When I was in grad school, one of my colleagues in my lab worked as a teaching assistant for a certain undergraduate class. Students in this class were notorious for cheating, and one of the ways they cheated was to collect their graded exams, change one of the answers, and submit it for a re-grade, claiming that that the teaching assistant had neglected to give them full credit for the answer.

My colleague was lamenting to some of us at lunch about how her student submitted a question for a re-grade, but she knew there was no way she had misgraded his answer to begin with.

Colleague: “I know he erased his answer and changed it. I mean, I graded fifty exams, so I don’t remember for sure, but there’s no way I wouldn’t have given that answer full credit. He has to be cheating!”

Me: “But you can’t prove it.”

Colleague: “No, and that’s what’s so frustrating.”

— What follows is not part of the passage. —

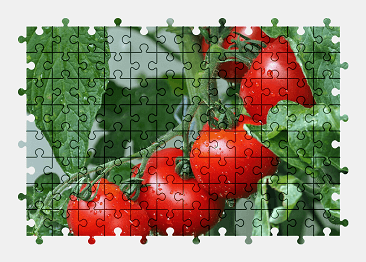 Jigsaw puzzle online tomatoes,vegetable,food,nature,colorful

Me: “Can I see the paper?”

She showed me the paper. Right away, I noticed that there was a spot where the student’s pencil mark intersected with the teaching assistant’s red grading pen.

Colleague: “See? I can’t prove whether he wrote his answer before or after I graded the paper.”

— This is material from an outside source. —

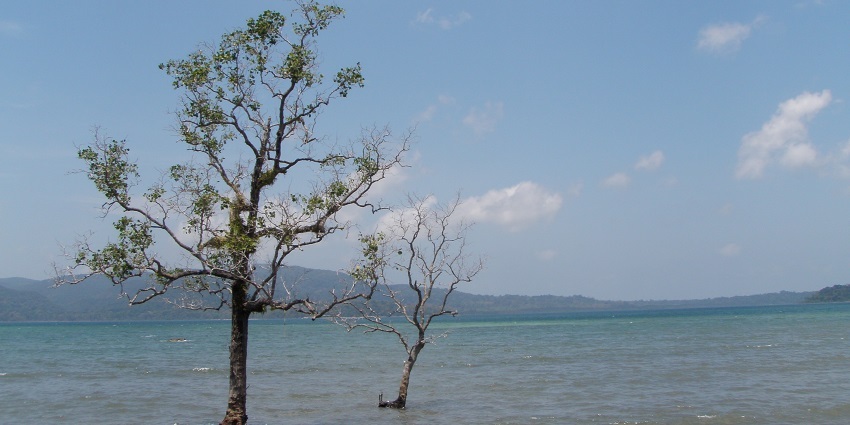 Chidiya Tapu setting features a backdrop of crystal-clear blue waters and lush green area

Me: “We have microscopes.”

My colleague’s face lit up. She took the paper to one of our fancy lab microscopes, and even at ten times magnification, she could see the student’s pencil mark clearly ON TOP of her red pen. She took a picture using the microscope and submitted it to the professor, and the student eventually admitted to cheating. Science for the win.


This story is part of our Best Of August 2021 roundup!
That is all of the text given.